GOAL OF THE EXERCISE:
Find, in the records below, the line that contains "La camicia in" and the line that contains "PAVTROS Áo nỉ". Copy those two lines and everything between them exactly, but not the pictures.

SUPPLIED MATERIAL:
BEGIN

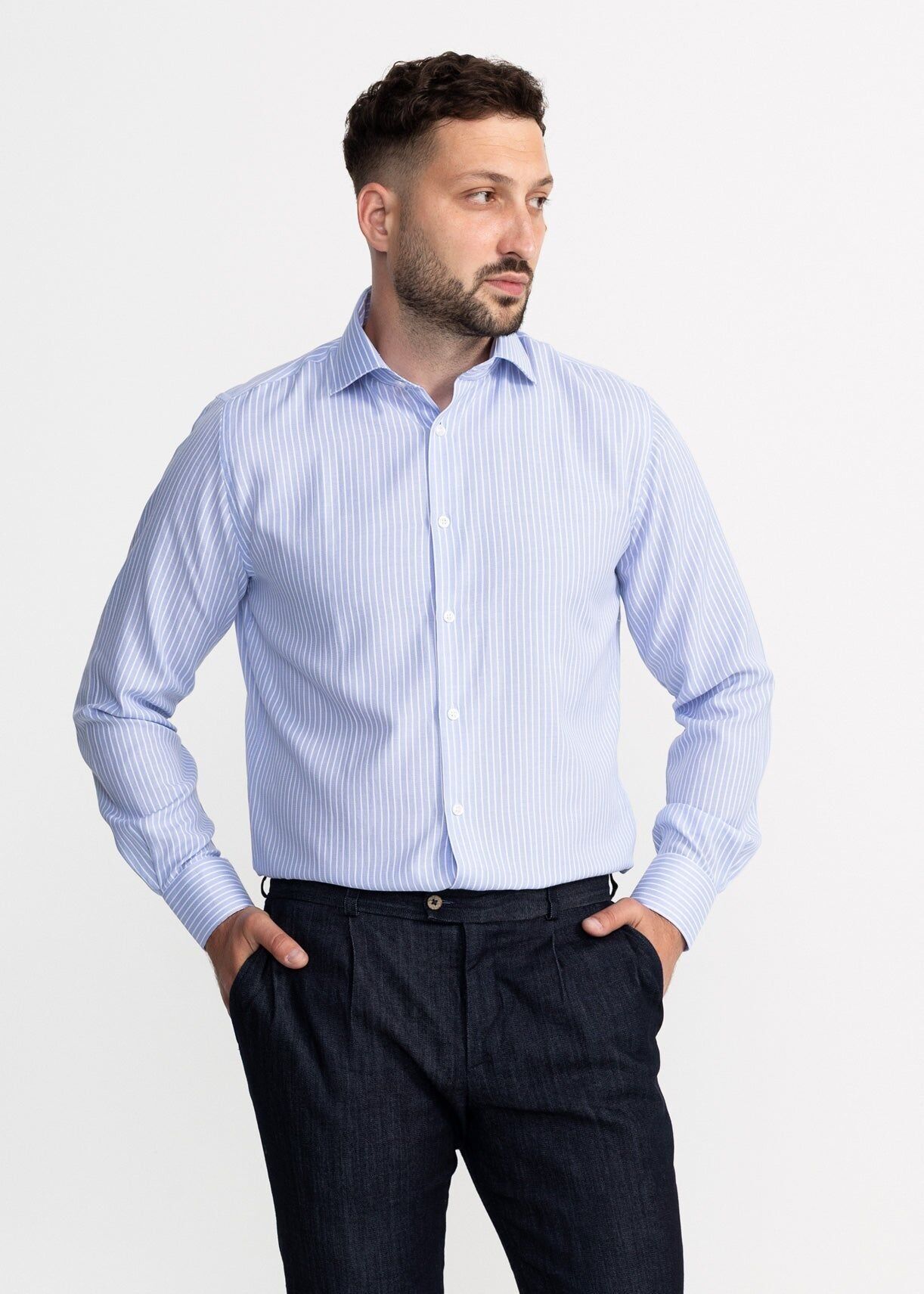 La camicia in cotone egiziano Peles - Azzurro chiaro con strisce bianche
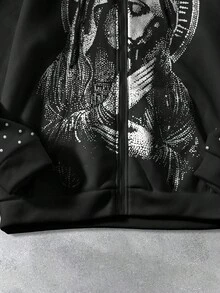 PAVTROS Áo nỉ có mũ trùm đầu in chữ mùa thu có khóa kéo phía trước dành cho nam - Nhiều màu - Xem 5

END
BEGIN

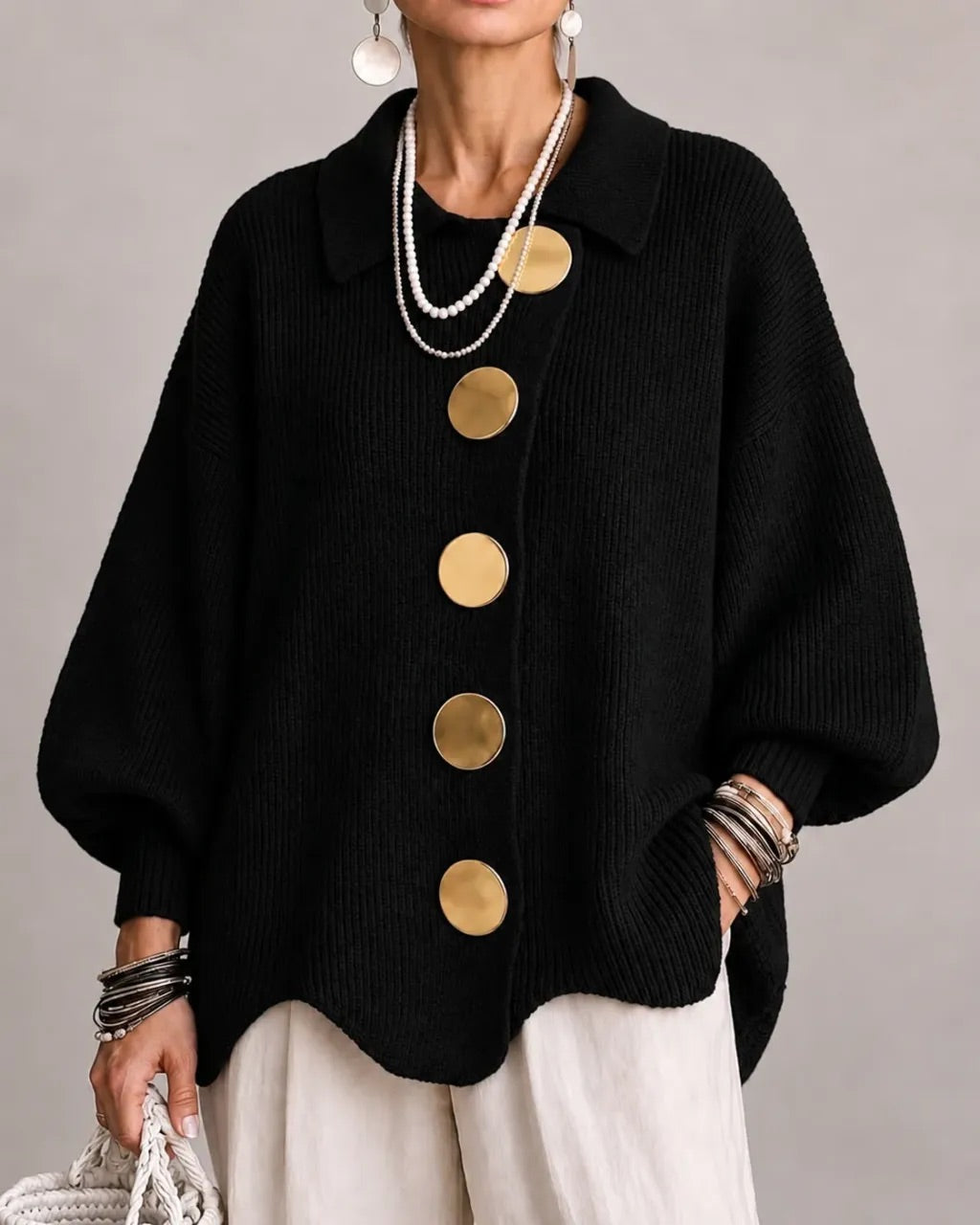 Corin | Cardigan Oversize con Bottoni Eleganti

END
BEGIN

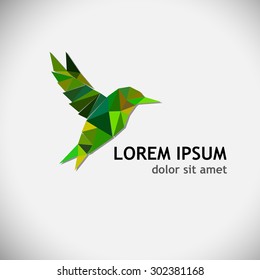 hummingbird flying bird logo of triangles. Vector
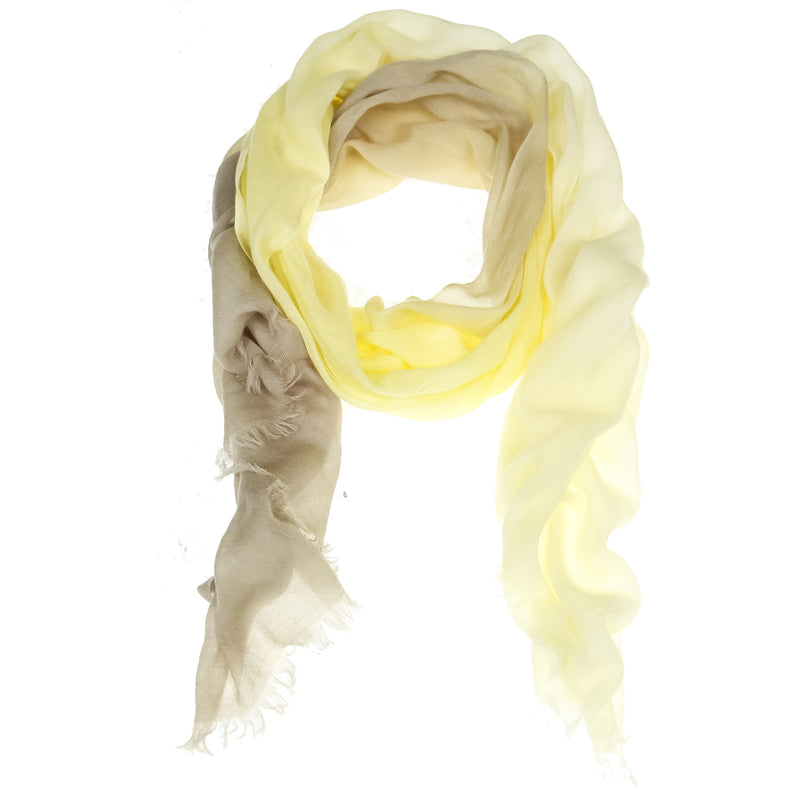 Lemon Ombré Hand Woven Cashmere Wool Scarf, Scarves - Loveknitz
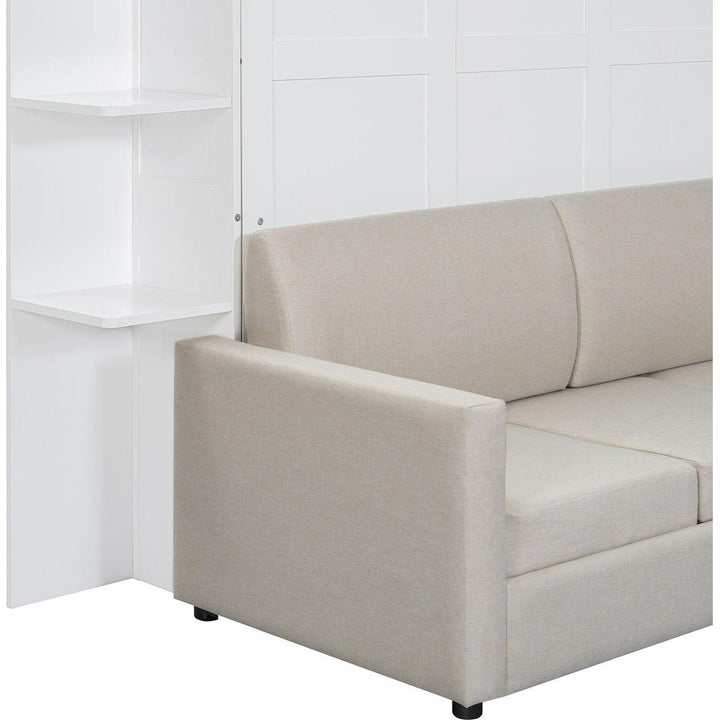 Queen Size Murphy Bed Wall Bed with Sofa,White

END

EXPECTED ANSWER:
 La camicia in cotone egiziano Peles - Azzurro chiaro con strisce bianche
 PAVTROS Áo nỉ có mũ trùm đầu in chữ mùa thu có khóa kéo phía trước dành cho nam - Nhiều màu - Xem 5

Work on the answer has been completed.